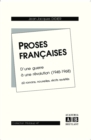 Image for Proses francaises: D&#39;une guerre a une revolution (1945-1968) - 60 romans, nouvelles, recits revisites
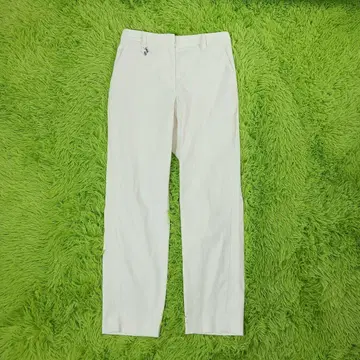 플라스테 화이트 치노 팬츠 사이즈 S 산뜻하고 시원하며 심플한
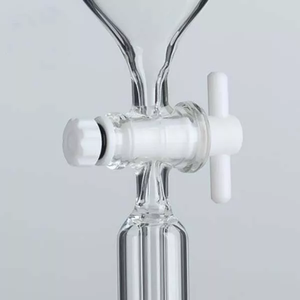Dikemas dengan baik corong pemisah 50ml-20000ml untuk laboratorium bentuk pir corong kaca pemisah dengan kaca atau PTFE Stopcock - Product Image 4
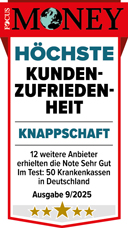 Höchste Kundenzufriedenheit Auszeichnung FOCUS-Money Höchste Kundenzufriedenheit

> **WHAT YOU NEED TO DO**: Full transcription of the material, exact in every line, without images.

> **ANSWER FOR THIS EXERCISE**:
 Image for Proses francaises: D&#39;une guerre a une revolution (1945-1968) - 60 romans, nouvelles, recits revisites
 플라스테 화이트 치노 팬츠 사이즈 S 산뜻하고 시원하며 심플한
Dikemas dengan baik corong pemisah 50ml-20000ml untuk laboratorium bentuk pir corong kaca pemisah dengan kaca atau PTFE Stopcock - Product Image 4
 Höchste Kundenzufriedenheit Auszeichnung FOCUS-Money Höchste Kundenzufriedenheit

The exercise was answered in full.